There are a number of simple optimizations or implementation details that can significantly affect the performance of an A* implementation. The first detail to note is that the way the priority queue handles ties can have a significant effect on performance in some situations. If ties are broken so the queue behaves in a LIFO manner, A* will behave like depth-first search among equal cost paths.
When a path is required at the end of the search, it is common to keep with each node a reference to that node's parent. At the end of the search, these references can be used to recover the optimal path. If these references are being kept then it can be important that the same node doesn't appear in the priority queue more than once.
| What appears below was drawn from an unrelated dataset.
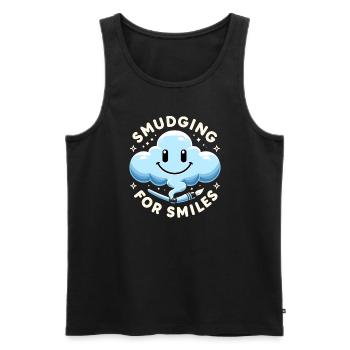 Smudge Sage Feder Spirituelle Hexerei Meditieren - Männer Premium Bio Tank Top - Schwarz - Vorne - Michal (187cm)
A standard approach here is to check if a node about to be added already appears in the priority queue. If it does, then the priority and parent pointers are changed to correspond to the lower-cost path. A standard binary heap based priority queue does not directly support the operation of searching for one of its elements, but it can be augmented with a hash table that maps elements to their position in the heap, allowing this decrease-priority operation to be performed in logarithmic time. Alternatively, a Fibonacci heap can perform the same decrease-priority operations in constant amortized time.